1 April selalu punya cap sebagai “April Mop” oleh masyarakat saat ini. Tanggal di mana kejadian-kejadian yang ternyata ‘hoax’ tersebar. Tapi lahirnya SRV (Solosche Radio Vereniging) pada 1 April 81 tahun silam bukan hoax, melainkan cikal bakal RRI (Radio Republik Indonesia) itu nyata sebagai corong proklamasi kemerdekaan Indonesia demi mendapat pengakuan dunia.
SRV memang bukan stasiun radio pertama yang ada di Indonesia. Tapi SRV yang lahir di Solo pada 1 April 1933, merupakan radio pribumi pertama di era kolonialisme Hindia-Belanda.
Tak seperti NIROM (Nederlandsch Indische Radio Omroep Masstchapij) yang selalu menyuarakan propaganda Belanda, SRV justru menyiarkan kebalikannya dan terutama, sebagai corong untuk menyulut kemerdekaan Indonesia.
SRV didirikan Praja Mangkunegaran VII bersama Ir. Sarsito Mangunkusumo.
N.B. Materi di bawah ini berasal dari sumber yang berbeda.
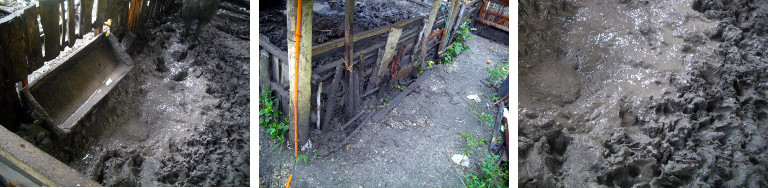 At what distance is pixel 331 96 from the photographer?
416 cm

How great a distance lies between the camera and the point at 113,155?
3.28 metres

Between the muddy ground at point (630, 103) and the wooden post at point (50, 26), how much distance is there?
3741 millimetres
Sedikit unik soal bagaimana SRV bisa berdiri, lantaran awalnya, mereka disubsidi NIROM. Tapi lantaran beberapa siaran yang bikin ‘gatal’ telinga orang Belanda, NIROM mencabut subsidi tersebut.
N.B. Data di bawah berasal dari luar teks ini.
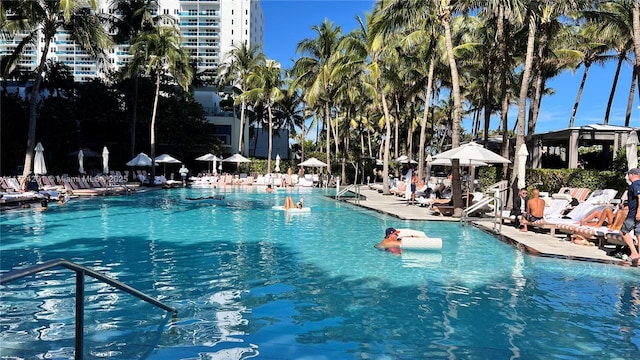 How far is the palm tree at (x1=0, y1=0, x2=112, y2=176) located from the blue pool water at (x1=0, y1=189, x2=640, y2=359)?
1340 centimetres

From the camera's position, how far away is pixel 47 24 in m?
22.7

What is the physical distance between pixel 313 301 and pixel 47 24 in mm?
22807

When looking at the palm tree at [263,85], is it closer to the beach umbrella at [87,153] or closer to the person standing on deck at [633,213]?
the beach umbrella at [87,153]

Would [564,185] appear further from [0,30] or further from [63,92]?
[63,92]

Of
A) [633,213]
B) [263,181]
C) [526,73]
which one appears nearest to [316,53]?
[263,181]

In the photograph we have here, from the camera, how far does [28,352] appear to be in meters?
4.54

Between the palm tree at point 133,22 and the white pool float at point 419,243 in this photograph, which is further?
the palm tree at point 133,22

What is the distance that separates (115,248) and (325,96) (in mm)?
27971

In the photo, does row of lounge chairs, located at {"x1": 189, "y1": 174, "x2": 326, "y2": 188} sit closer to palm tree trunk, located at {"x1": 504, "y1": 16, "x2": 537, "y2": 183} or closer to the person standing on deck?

“Siaran Ketimuran seluruhnya akan dikuasai oleh NIROM sendiri,” bunyi berita dari NIROM pada 1936.
Ketika Perang Dunia II pecah, SRV direformasi oleh pemerintah pendudukan Jepang, menjadi Solo Hoso Kyoku dan diharuskan tunduk pada kebijakan serta propaganda Jepang.
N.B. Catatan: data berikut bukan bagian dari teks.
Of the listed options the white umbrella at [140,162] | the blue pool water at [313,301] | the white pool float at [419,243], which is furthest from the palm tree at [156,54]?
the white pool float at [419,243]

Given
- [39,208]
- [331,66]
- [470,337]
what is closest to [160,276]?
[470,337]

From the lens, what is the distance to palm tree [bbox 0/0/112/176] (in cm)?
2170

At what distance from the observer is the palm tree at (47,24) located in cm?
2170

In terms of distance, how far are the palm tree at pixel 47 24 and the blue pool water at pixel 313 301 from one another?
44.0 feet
Pun begitu, bukan berarti spirit mereka untuk terus mengobarkan rasa kebangsaan luntur. Di bawah pimpinan R. Maladi, mereka sering menyiarkan lagu-lagu bernuansa perjuangan, seperti “Ayak-ayakan Kaloran” dan gending “Puspawarna”.
Tapi kemudian, R. Maladi pun sering dipanggil pemerintah pendudukan Jepang akibat siaran-siaran SRV itu. Adapun pasca-pendudukan Jepang berakhir, SRV jadi corong penyiaran kemerdekaan Indonesia ke dunia luar.
Demi mencegah direbutnya SRV di Solo oleh sekutu dan Belanda yang ingin kembali menguasai Indonesia, SRV yang berganti nama menjadi RRI pada 11 September 1945, memindahkan sejumlah perangkat ke Desa Balong, Karanganyar, Jawa Tengah.
Dari situlah berita kemerdekaan ditransmisikan menuju Bukittinggi, Sumatera Barat dan kemudian ke Aceh. Dari negeri Serambi Mekah itu, berita kemerdekaan Indonesia bisa terdengar sampai ke Singapura, India dan kemudian PBB.
Berita-berita tentang perlawanan militer dan rakyat Indonesia terus bisa disiarkan, kendati terdapat beberapa upaya pembungkaman dari Belanda. Contohnya pada 25 November 1945, di mana sekutu mencoba membom markas RRI di Solo. Beruntung, saat itu R. Maladi sudah memindahkan markas RRI ke Tawangmangu.